Senator Arthur H. Vandenberg had also grown taller. A year ago, Michigan's Governor Harry F. Kelly was set to run against him in next year's GOPrimary. But now that Big Van had become a foreign policy statesman of decision and note, the opposition to him at home had collapsed.

Biggest question mark among top contenders was Captain Harold E. Stassen, U.S.N.R., Minnesota's ex-Governor soon to return to civilian life. Many a young GOPster, and many of all ages from the West and Middle West, looked to him as their leader, but he had been out of the political arena too long to be properly gauged. He has told friends that he will seek no office between now and 1948, but will discuss national and international issues freely. He is said to feel strongly that plain, unvarnished talk will pay off in the next few years.

An End to Coasting. Aside from the candidates, there were other questions. Ex-National Chairman John D. M. Hamilton, apparently with his thoughts on the take-it-easy school of Republicans headed by Massachusetts' Joe Martin, wrote recently in Liberty: "It's time ... to abandon a strategy based upon such thoughts as 'We can coast along and win.' 'The Democrats are hopelessly split,' or 'Give them enough rope and they will hang themselves.' We have been coasting--but generally downhill. The Democrats are always split--until election day."

That was why National Chairman Herbert Brownell insisted that G.O.P. Congressmen write a party program.
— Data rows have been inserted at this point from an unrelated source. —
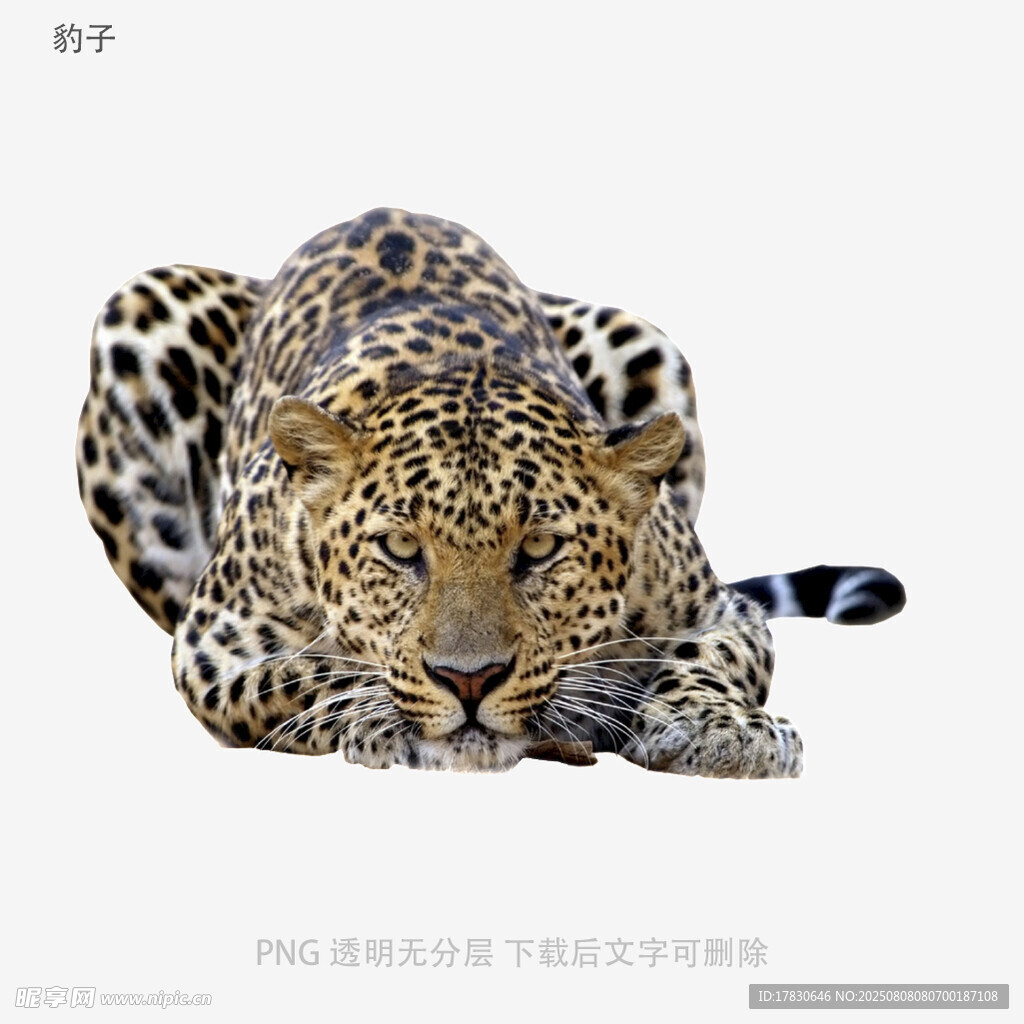 豹子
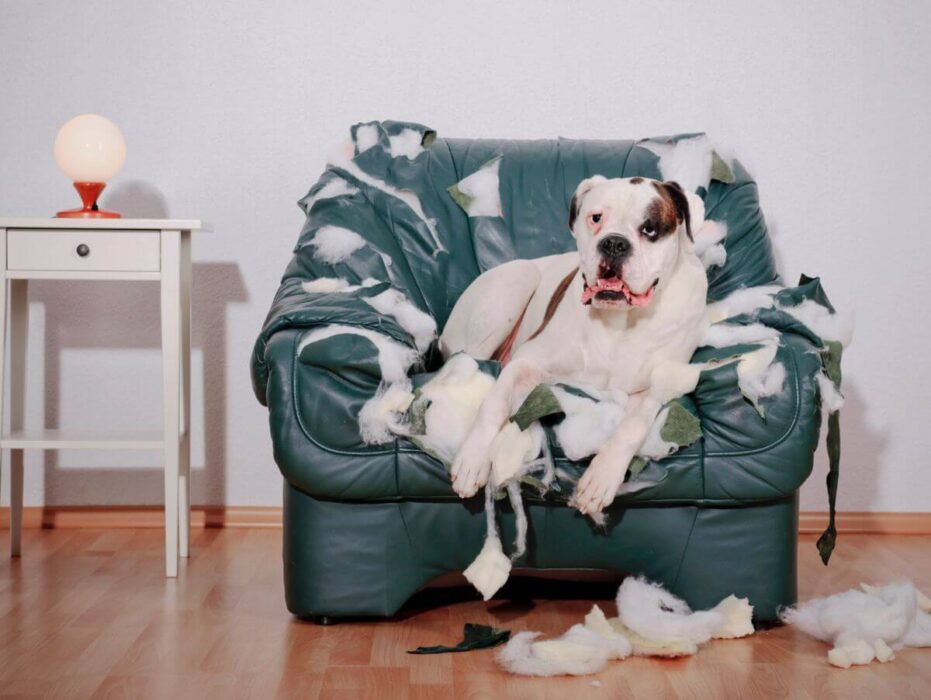 Un chien qui a détruit un canapé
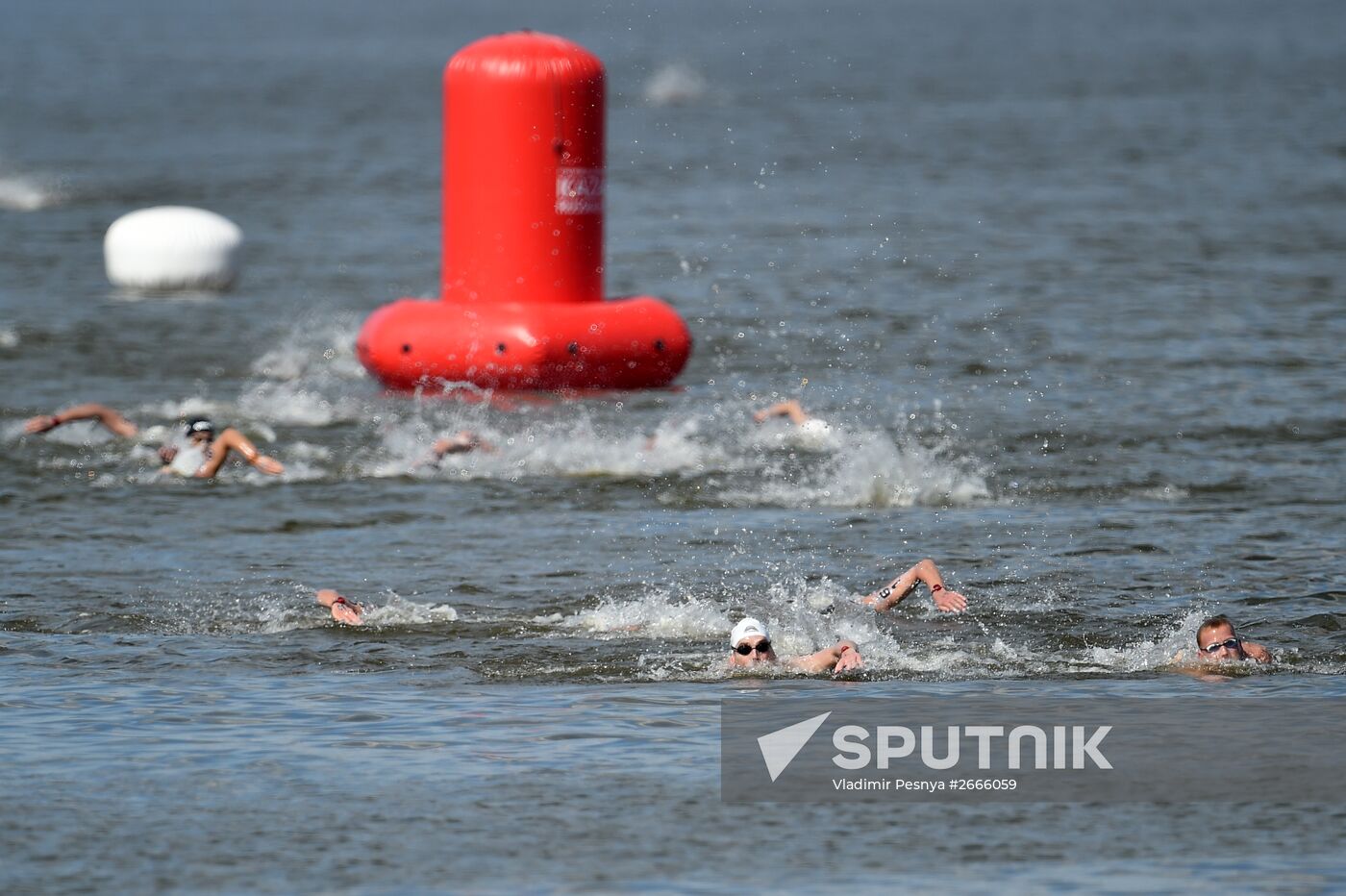 16th FINA World Aquatics Championships. Open water swimming. Men. 10km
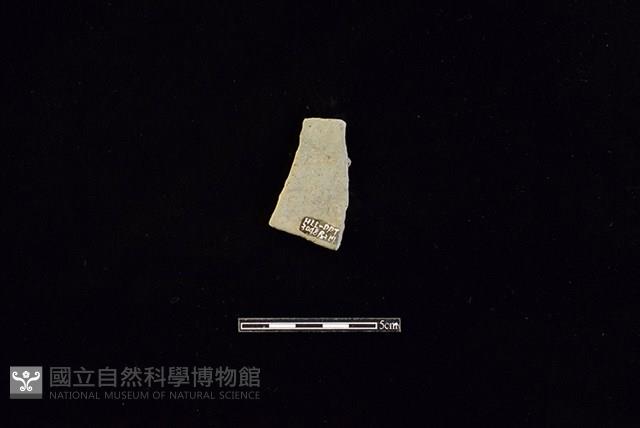 陶片藏品圖，第2張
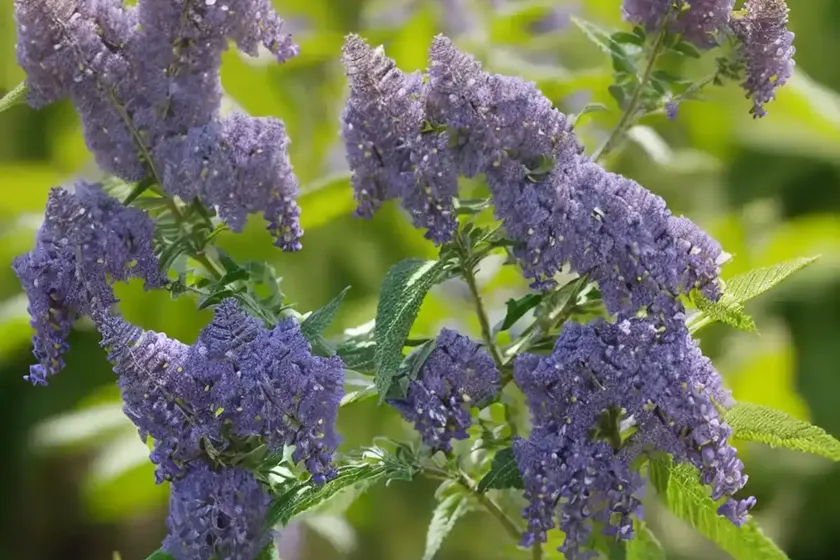 Butterfly Bush (Buddleja Davidii ‘Adokeep’ ADONIS BLUE) — photo 3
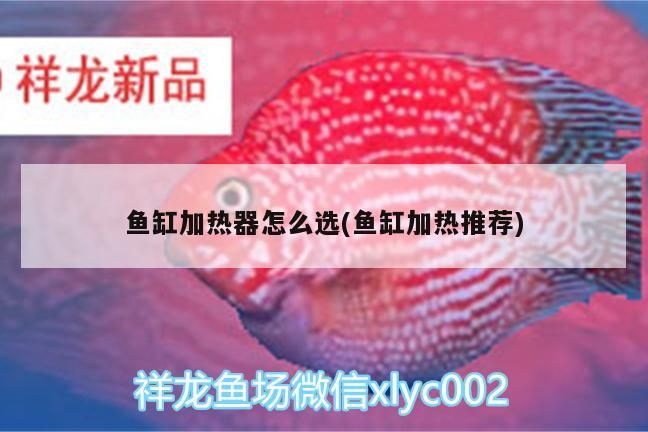 魚缸加熱器怎么選(魚缸加熱推薦)（魚缸加熱棒、加熱棒、加熱棒、sunsun/森森森水族箱加熱棒） 魚缸加熱器怎么選(魚缸加熱推薦)（魚缸加熱棒、加熱棒、加熱棒、sunsun/森森森水族箱加熱棒） 觀賞魚百科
It will almost certainly be along general lines: even the congressional elections are too far away for politicians to be specific. The real dilemma of G.O.P. program-writing is this: as the opposition party, how "conservative" and how "liberal" should it be?

To date Republican tacticians have largely confined themselves to running against Franklin Roosevelt and the New Deal. This stemmed partly from long habit, partly from respect for new President Truman. But the bars are down now, and Harry Truman can expect the same unchecked criticism which the G.O.P. showered on the New Deal.
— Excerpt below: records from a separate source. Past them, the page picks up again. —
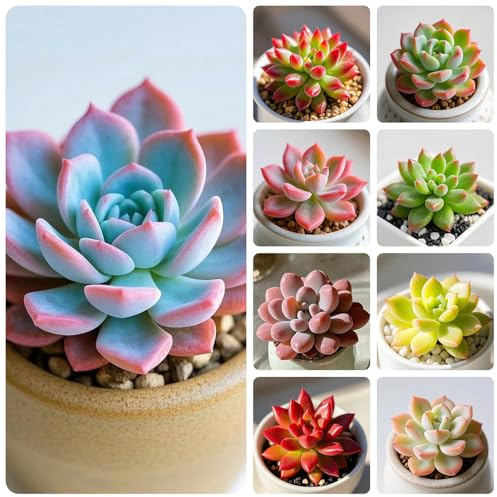 sukkulentensamen kaufen, succulent seltene steingarten winterhart balkon bodendecker mehrjährig 550pcs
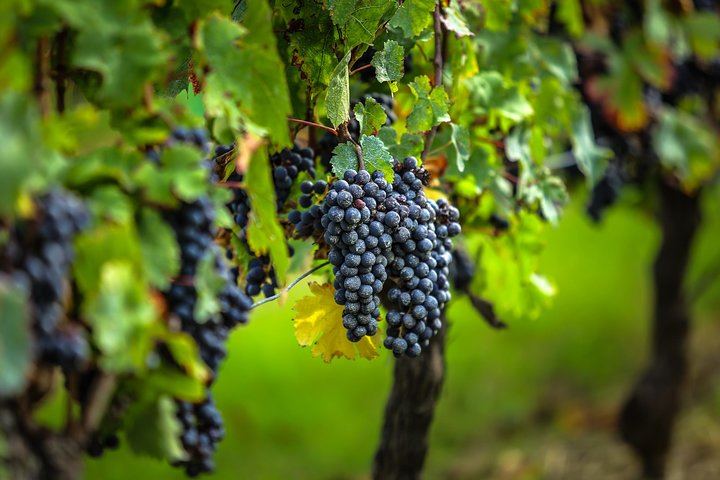 Half-Day Saint-Émilion from Bordeaux: Grand Cru or Pomerol Tasting, Medieval Village Walk (6/11)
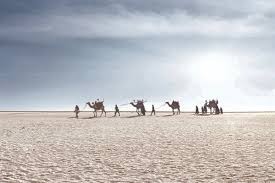 Kutch (district)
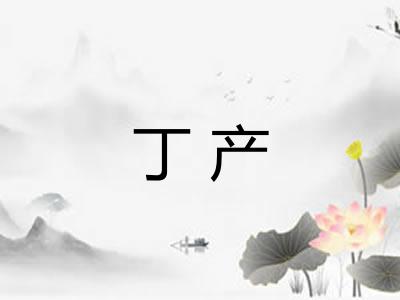 丁产 丁产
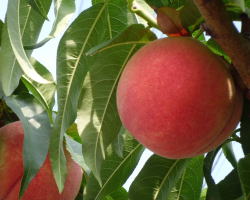 ���i�C���[�W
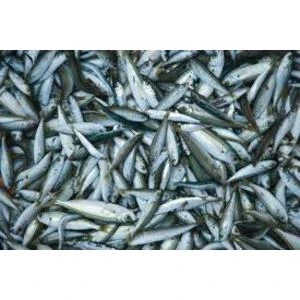 Jāstiprina kontakti ar eksporta tirgiem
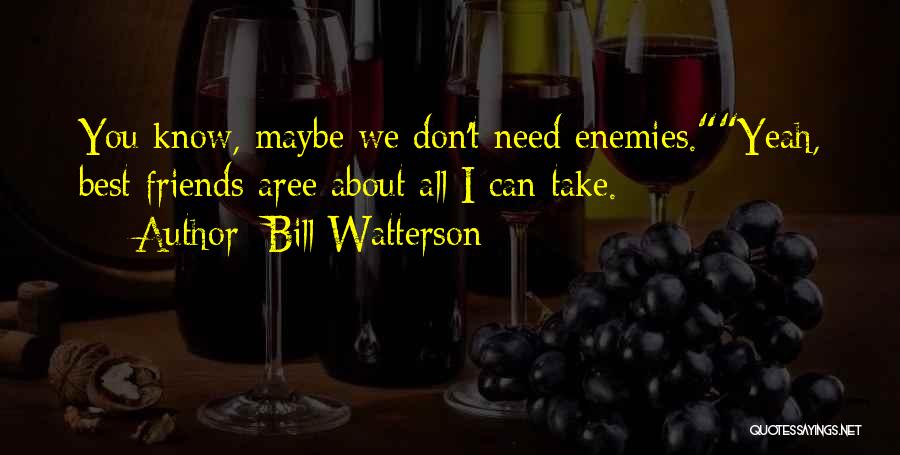 Bill Watterson Quotes: You Know, Maybe We Don't Need Enemies.yeah, Best Friends Aree About All I Can Take.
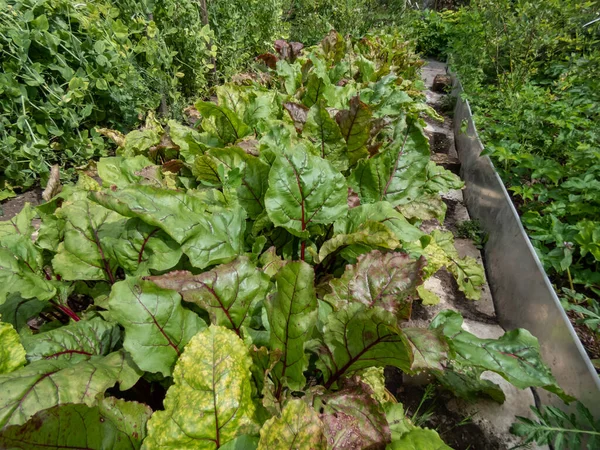 Beta Vulgaris 的特写苗生长在菜床上 园中长满了大叶 绿叶和红叶 — 图库照片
Immediate objective of the G.O.P. high command is to capture control of the House and perhaps even of the Senate next year. Realistic GOPsters admit that in this battle the state of the U.S. economy will play an important part--i.e., if the U.S. is in a slump or a state of confusion either because of or in spite of the Truman Administration, the job of winning will be that much easier. Their ultimate objective is, of course, 1948. And there the G.O.P.'s great hope is that for the first time in 16 years it may not have to fight either a massive sociological trend or a Democratic leadership that has been the most persuasive in U.S. political history.